You seem to imply that you're open the concept, but are afraid the Big Bad Republican Right would poo poo it. Fuck them. Let's just do what right.
I share your frustration.

It may be helpful for us to remember what Democrats proposed to include in Obamacare in 2009. For the first time, Medicare would pay for doctors' appointments for patients to discuss living wills, health care directives and other end-of-life issues. The appointments were optional, and the AARP supported the measure. That's it.

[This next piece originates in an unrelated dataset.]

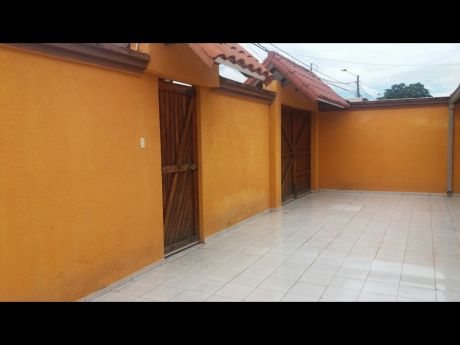 Vendo Hermosa Casa, Ubicada Zona Sur Urbanización El Palmar.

What we then had was the GOP running wild with allegations that President Obama and the Democrats were creating "death panels". Sarah Palin, Betsy McCaughey, Virginia Foxx, Chuck Grassley, Newt Gingrich, and unknown more of their sick ilk they all whipped up right-wing hysteria with the bullshit claim that the President and his party intended to just kill sick people in order to save money. I remember, and that's exactly what they were doing.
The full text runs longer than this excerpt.